True == 1 weirdness

Random832 random832 at fastmail.com
Thu Sep 17 17:26:54 EDT 2015


On Thu, Sep 17, 2015, at 16:24, Jussi Piitulainen wrote:
> And I'm saying 'in', being truth-valued, is more like a comparison than
> a proper binary operation that has its value in the same set as its two
> arguments.

The problem is that except for very specialized cases (strings), the two
arguments are not (semantically, at least) in the same set as each
other, either. It may be "more" like a comparison, but it's not *really*
like either one.

> Just trying to explain what I had in mind when I said that I feel that
> 'in' is more at home with comparisons (where it is now) than with, hm,
> arithmetic operations.

Why does it have to be either one? I don't even think chaining should
work for all *actual* comparison operations.

Say you have this statement:
(1) a < b = c <= d
While it may *actually* mean this:
(2) a < b and b = c and c <= d
It *semantically* means this:
(3) a < b and a < c and a < d and b = c and b <= d and c <= d

The ones that are included logically imply the ones that are not, for
any sane definition of these operators.
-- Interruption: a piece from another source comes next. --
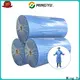 Ming Yu Top non woven polypropylene fabric manufacturers for package 1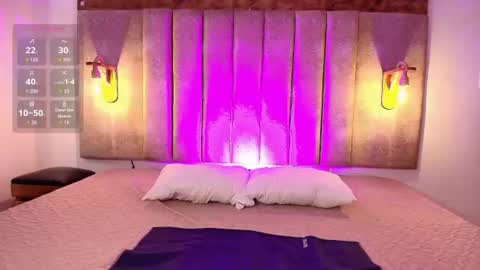 Snapshot of cristal__dream chatting on 07-12-26, 05:04 CRISTAL online show from 07-12-26, 05:04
And if your operators *aren't*
sane, it's better to be explicit about what you are doing.

It should not be applied to any combination of operations that cannot
meaningfully be read as such a statement (e.g. mixing directions of
less/greater comparisons, or including in, is not, or != at all), or to
any values expected to have (2) not imply (3).

It being *easier to implement* to have comparison operators be a single
class and have chaining apply equally to all of them may be an excuse
for the language to allow it, but it's certainly not an excuse for
*actually* using it from a standpoint of good style and readability.